04.05.2020 18:42, Thierry Reding пишет:
> On Sat, May 02, 2020 at 05:40:35PM +0300, Dmitry Osipenko wrote:
>> 27.04.2020 18:31, Wolfram Sang пишет:
>>>
>>>> Yes, that bug should be fixed anyway. But that doesn't justify breaking
>>>> suspend/resume completely, which *is* a regression.
>>>>
>>>> Look, I'm not saying that we should drop this patch altogether. All I'm
>>>> saying is that we should postpone it so that we can: a) get suspend and
>>>> resume working again (and by doing so make sure no other suspend/resume
>>>> regressions silently creep in, because that always seems to happen when
>>>> you're not looking) and b) fix any preexisting issues without possibly
>>>> scrambling the result with this perhaps unrelated fix.
>>>>
>>>> So, again, I think the safest road forward is to back this one out for
>>>> now, fix whatever this other bug is and once suspend/resume is working
>>>> properly again we can revisit this patch based on a known-good baseline.
>>>
>>> I am with you here. I want to add that the proper fix should be
>>> developed without thinking too much about stable in the first place.

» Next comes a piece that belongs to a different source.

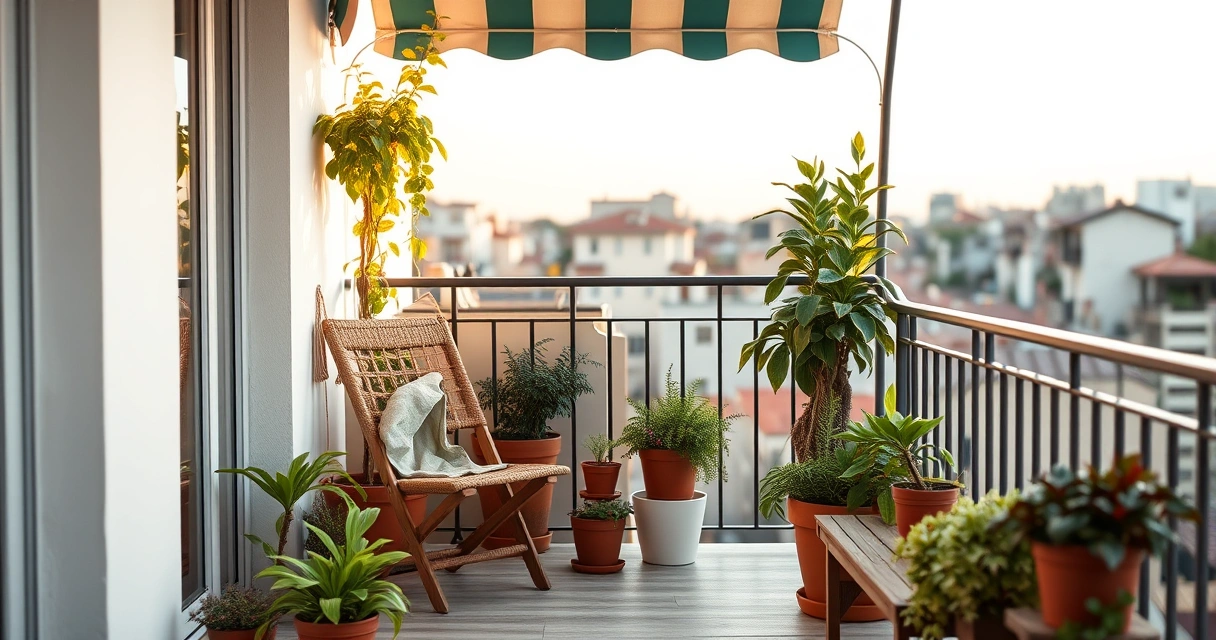 Varanda pequena com plantas em vasos e uma cadeira de madeira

>>> *When* we have a proper working fix, then we can think about making it
>>> "more" suitable for backporting. Yet, it may also be a result that older
>>> kernels need a different solution. Or have no solution at all, in case
>>> they can't do atomic_transfers and this is needed.
>>>
>>> D'accord?
>>>
>>
>> I saw that you submitted the revert of the patches for 5.7, hopefully it
>> won't result in putting the PCIe driver problem into the back burner.

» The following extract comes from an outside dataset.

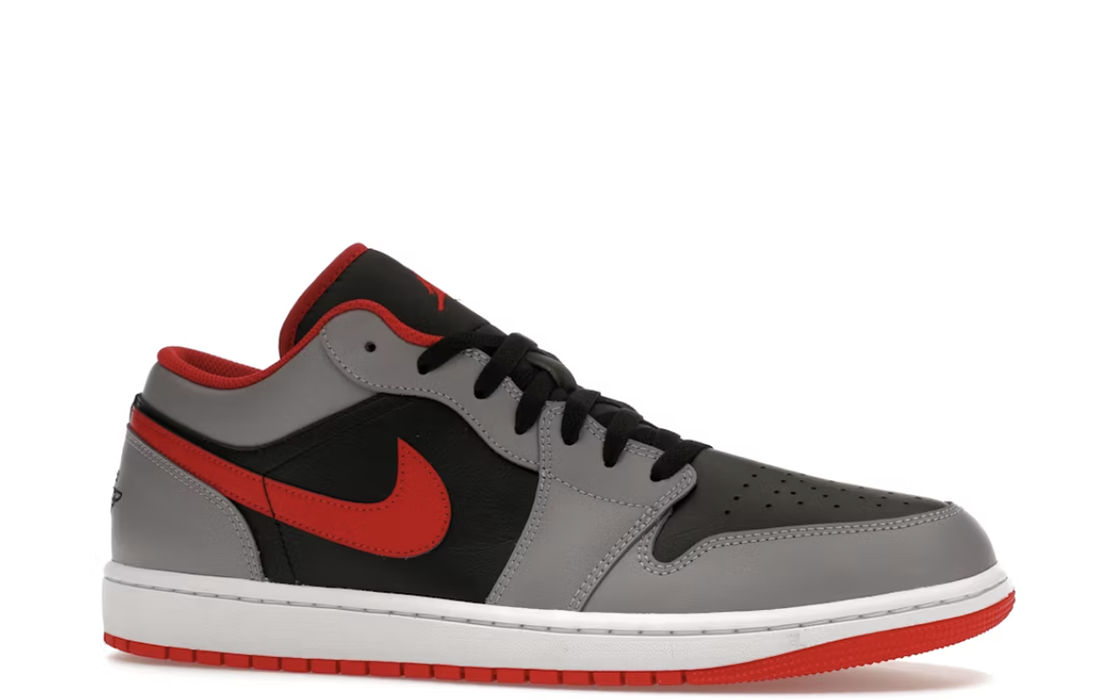 Nike Air Jordan 1 Low "Black Light Smoke Grey Gym Red"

>> I'll try not to forget about these patches to resubmit them later on,
>> once the problem will be resolved :)
> 
> I can put these two patches into a local development branch to keep
> track of them. From what I said earlier, it looks like it would be fine
> to apply these if we also make that runtime PM change (i.e. drop force
> runtime PM and instead manually invoke runtime PM callbacks, which seems
> to be in line with what the PM maintainers suggest, as pointed out
> elsewhere in this thread).
> 
> How about if I put all of that into a branch and push it to linux-next
> so that we can get some broader testing? I've already run it through our
> internal test system, which, while not perfect, is the broadest system I
> am aware of, and all tests came back positive.
Will be great.

> I'm not exactly sure I see a real issue with the PCIe driver after those
> patches are applied. The regulator errors are gone (presumably because
> the regulators now do get turned off properly) and I don't observe any
> other issues.

That's probably because this I2C patch removed the "completion done
after timeout" message. You may try to re-add the message, it should pop
up on the PCIe driver's suspension. The IRQF_NO_SUSPEND flag should fix it.

My assumption was that it should be always fine handle interrupt after
timeout, and thus, the message isn't really needed. But this wasn't a
correct assumption as we see now, so it should be better to keep the
message for the debugging purposes, maybe turn it into dev_info_once().